* The input *

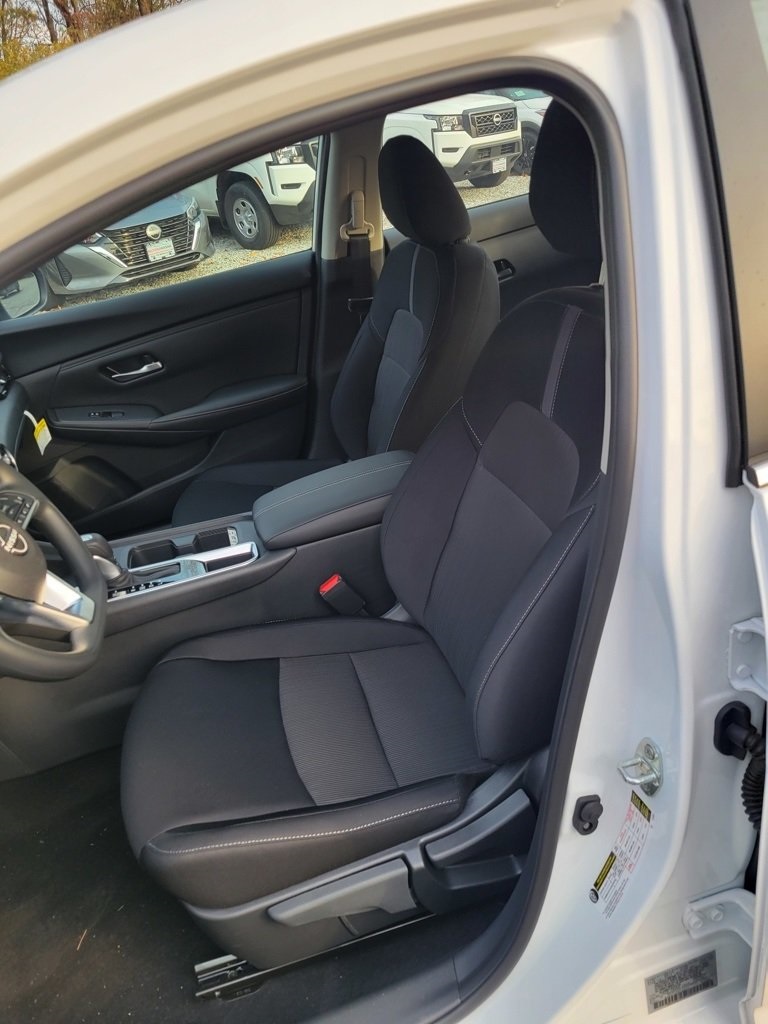 2025 Nissan Sentra SV photo 23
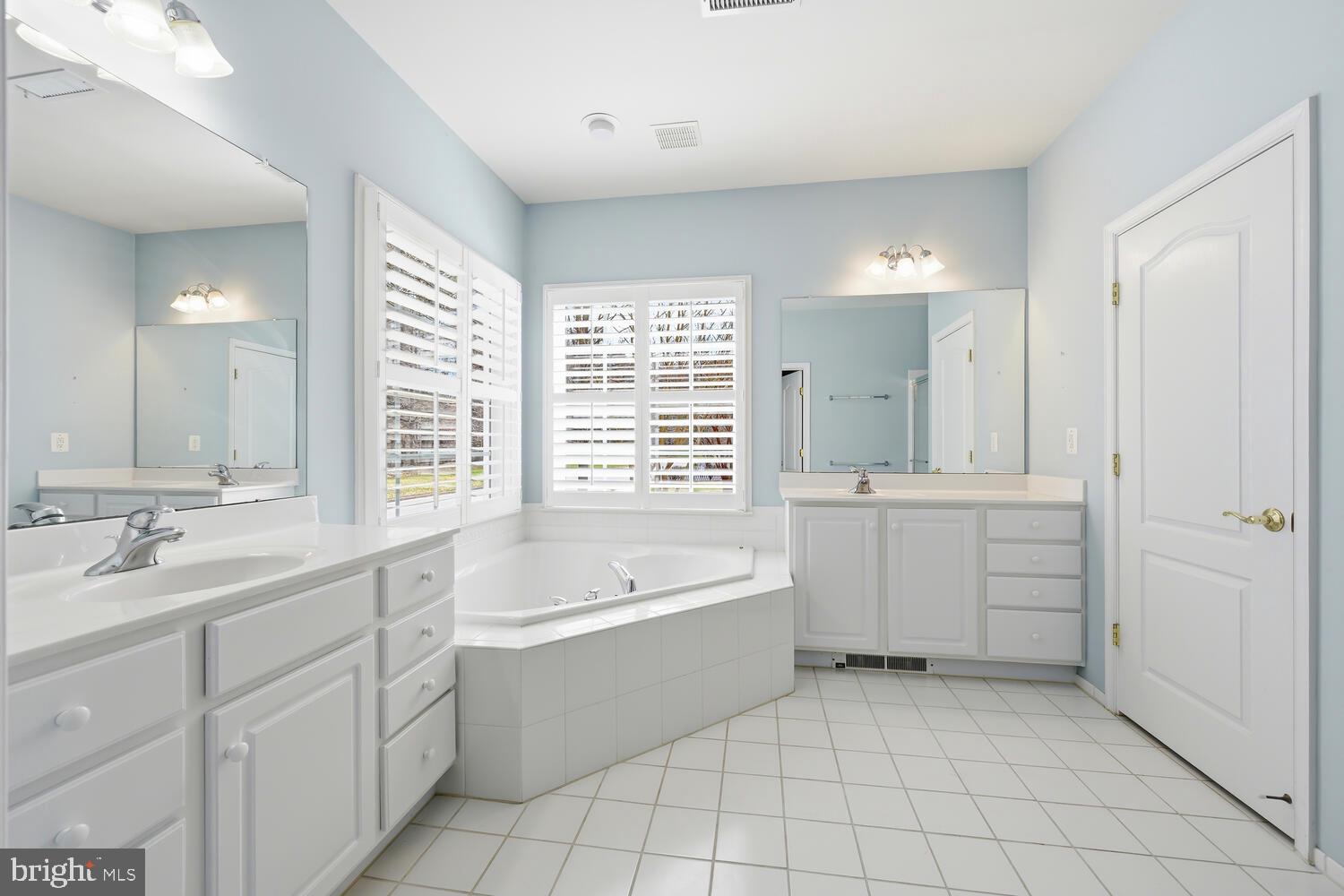 EASTON CLUB EAST - Residential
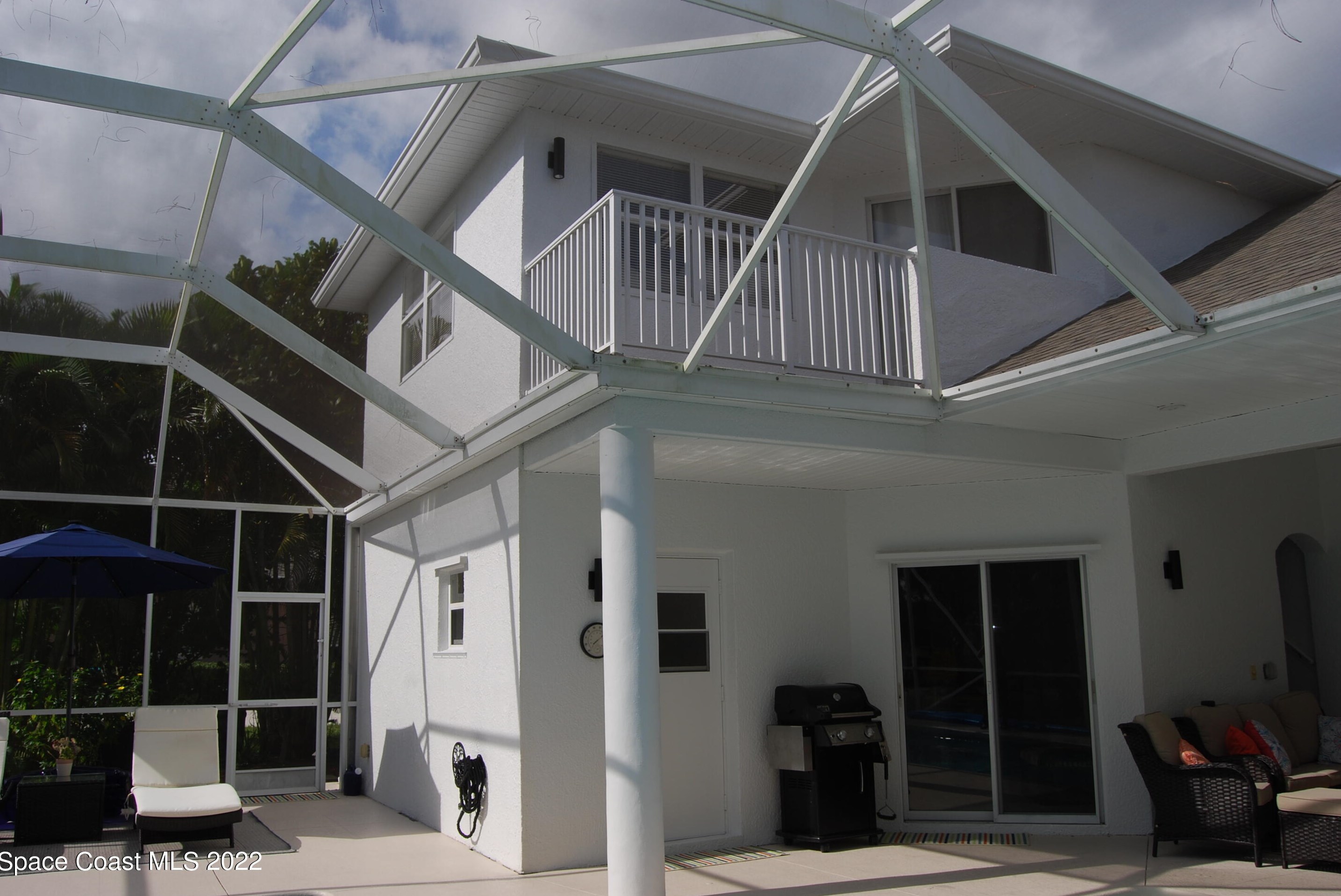1820 Winding Ridge Cir, Melbourne FL  32909-2314 exterior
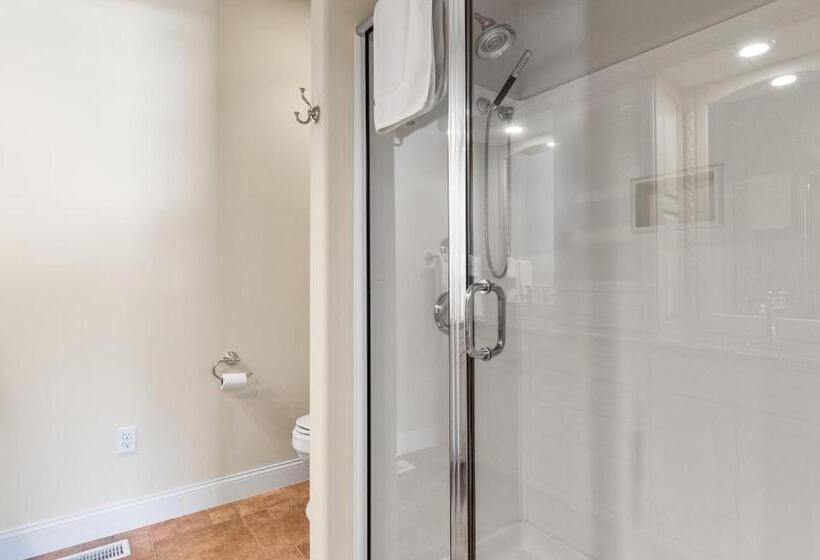 تختخواب و صبحانه Summer Creek Inn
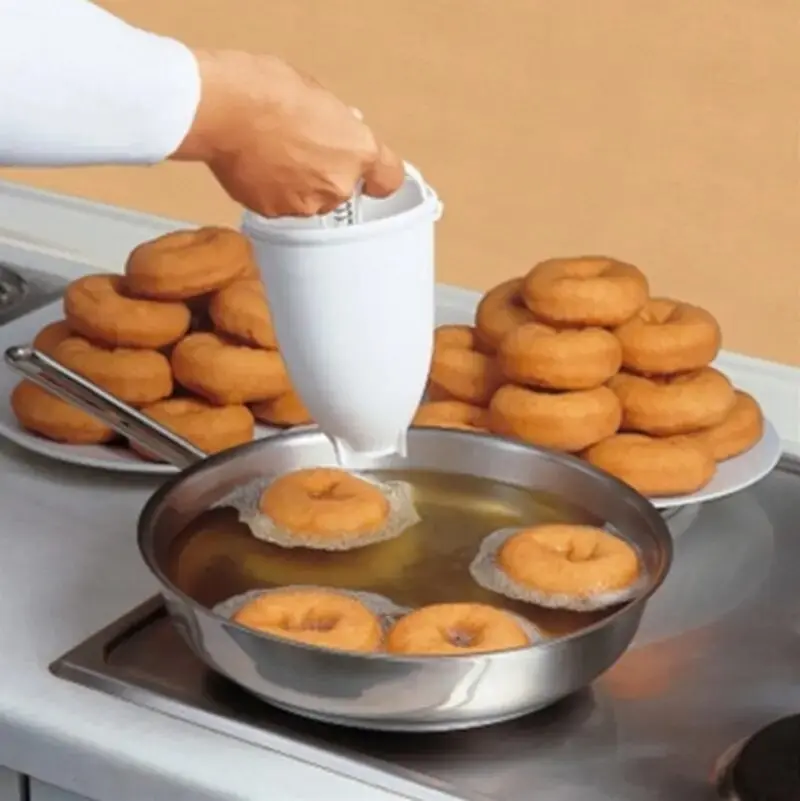 Set x2 Molde Donas: Haz donas caseras fácilmente con este molde y fríelas en sartén.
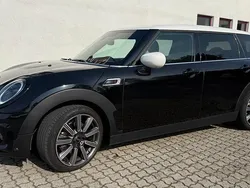 Schwarz Gebraucht 2021 Mini Clubman Kombi | 23.900 €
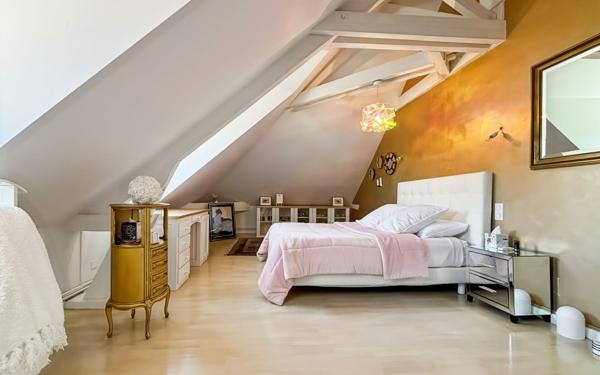 Maison à vendre    6 pièces •  Monteils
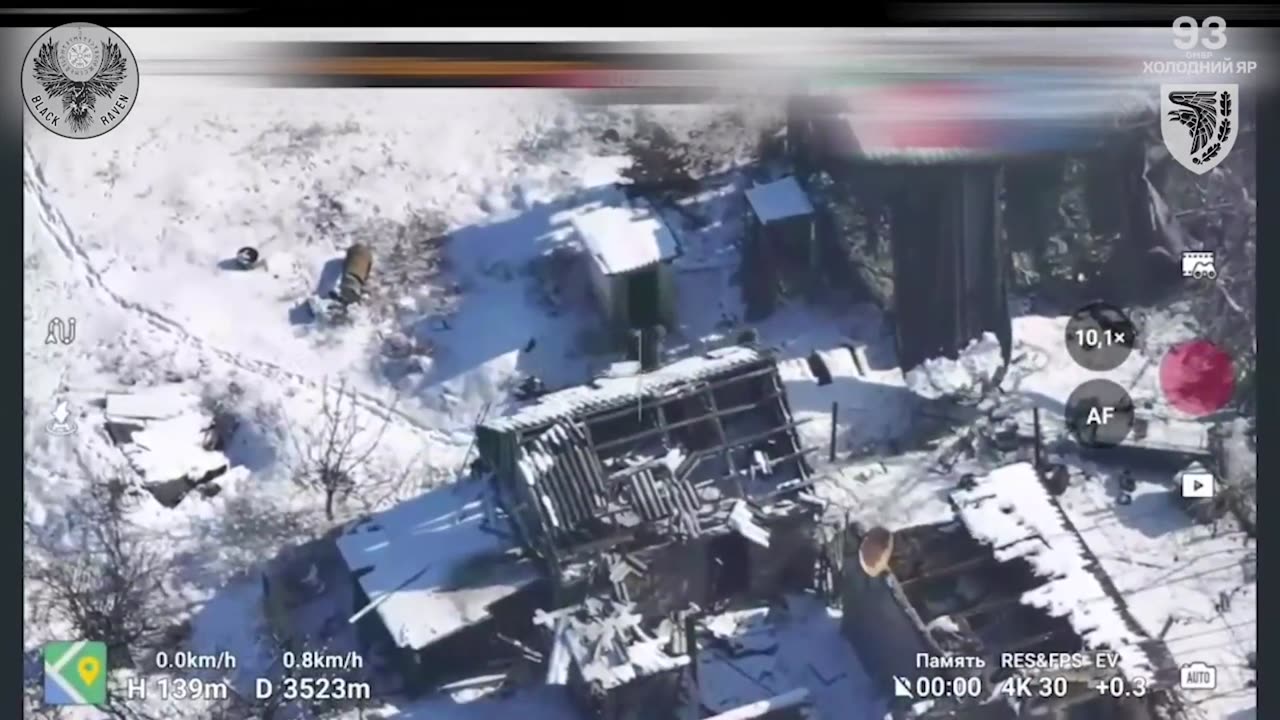 Ukrainian Drone Smashes into Radar of Russian "Tor" SAM + Going After Escaping Russian Infantry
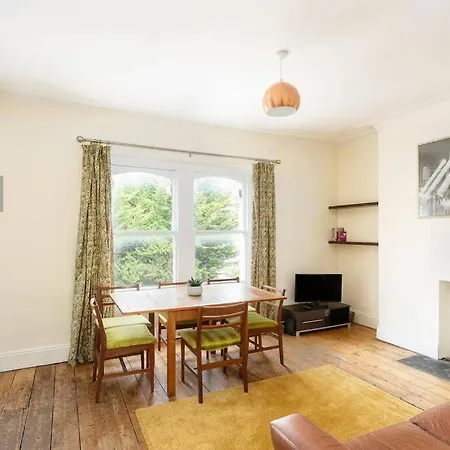 Spectacular Views, Spacious Central Flat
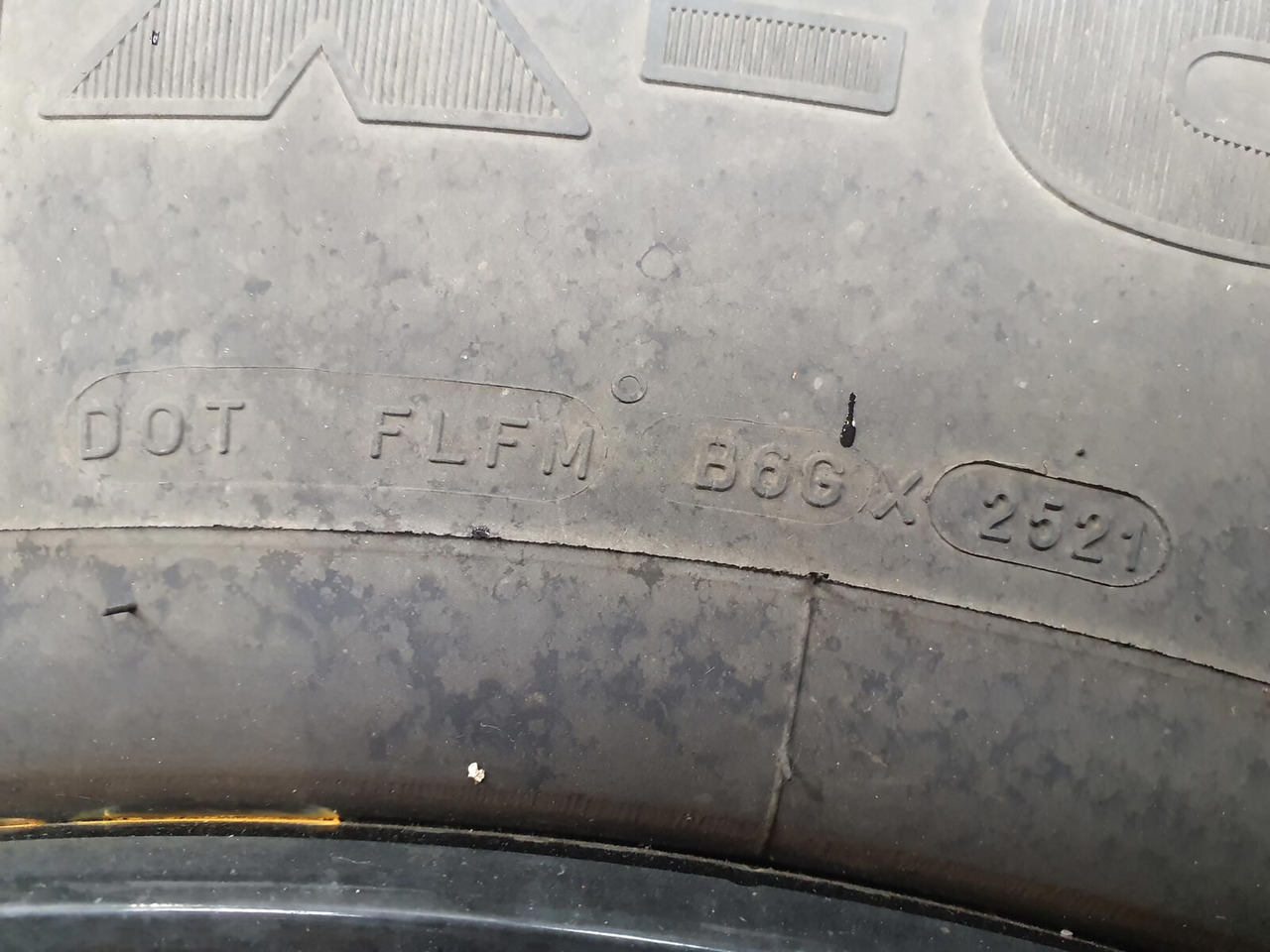 Liebherr Wheel 445/95R25 10 12 1p - Колесо для Кранов: фото 3 Liebherr Wheel 445/95R25 10 12 1p - Колесо для Кранов: фото 3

* Activity *
Where a record holds a picture, skip the picture and copy everything else exactly.

* Written solution *
 2025 Nissan Sentra SV photo 23
 EASTON CLUB EAST - Residential
1820 Winding Ridge Cir, Melbourne FL  32909-2314 exterior
 تختخواب و صبحانه Summer Creek Inn
 Set x2 Molde Donas: Haz donas caseras fácilmente con este molde y fríelas en sartén.
 Schwarz Gebraucht 2021 Mini Clubman Kombi | 23.900 €
 Maison à vendre    6 pièces •  Monteils
 Ukrainian Drone Smashes into Radar of Russian "Tor" SAM + Going After Escaping Russian Infantry
 Spectacular Views, Spacious Central Flat
 Liebherr Wheel 445/95R25 10 12 1p - Колесо для Кранов: фото 3 Liebherr Wheel 445/95R25 10 12 1p - Колесо для Кранов: фото 3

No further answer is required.